◆ Information shown ◆
_ _ _ _
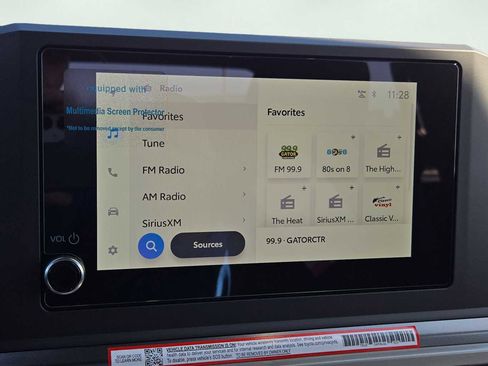 New 2025 Toyota Tacoma SR5 image 20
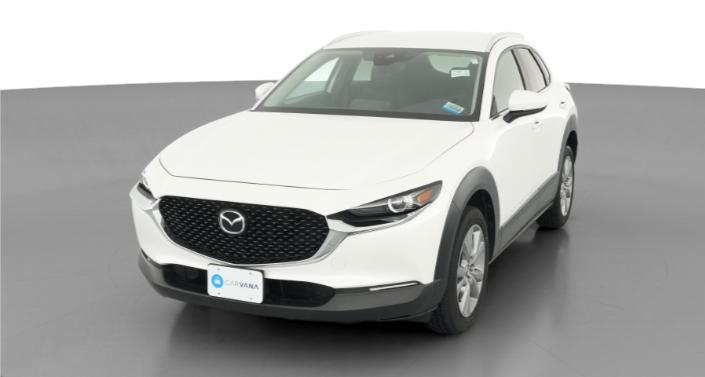 Thumbnail: 2023 Mazda CX-30 - 1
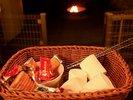 �yBBQ�f�B�i�[�z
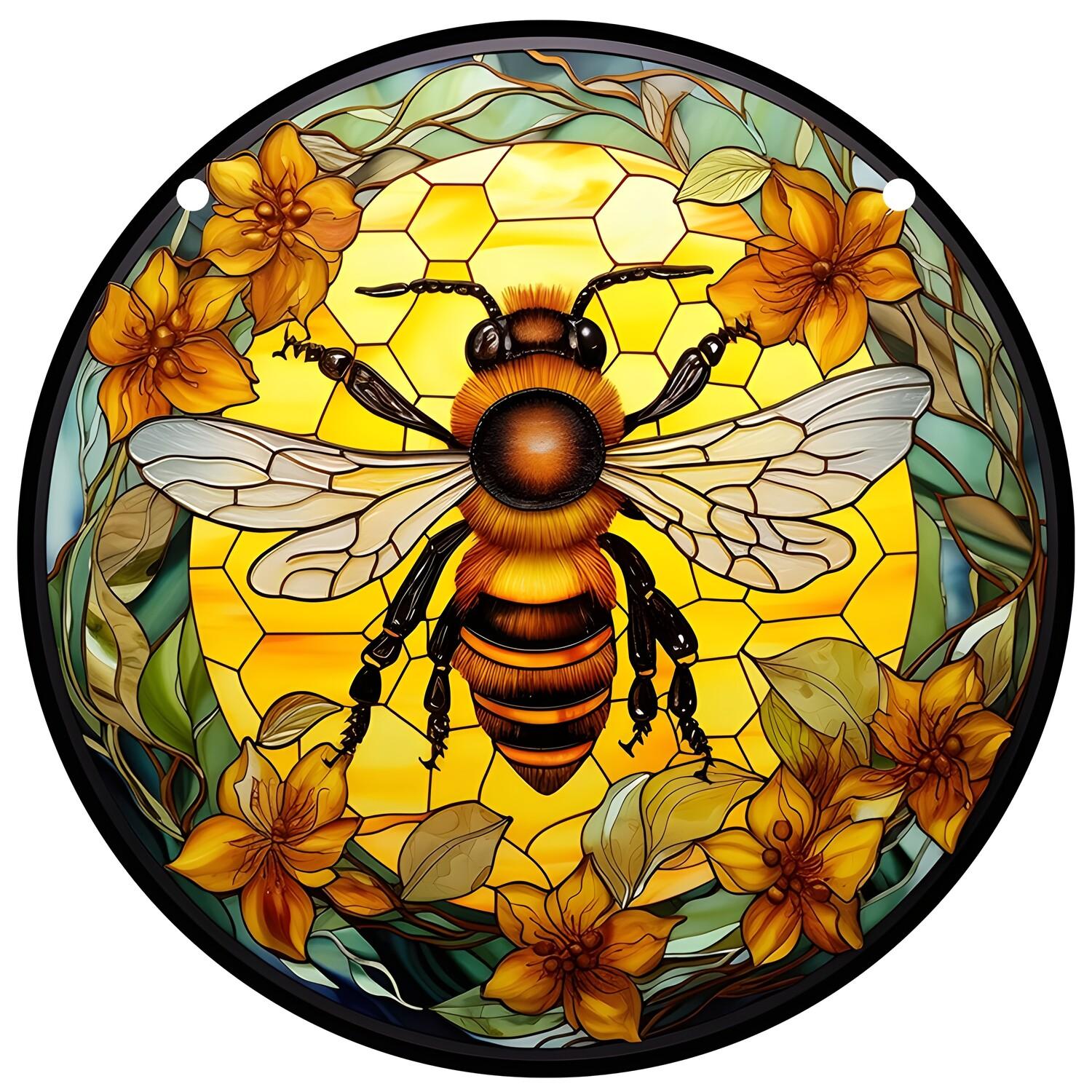 Attrape-Soleil - Abeille / Type3 / L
_ _ _ _
◆ Exercise goal ◆
The expected output is every line of the data, unchanged, with the pictures skipped.

◆ Exercise response ◆
 New 2025 Toyota Tacoma SR5 image 20
 Thumbnail: 2023 Mazda CX-30 - 1
 �yBBQ�f�B�i�[�z
 Attrape-Soleil - Abeille / Type3 / L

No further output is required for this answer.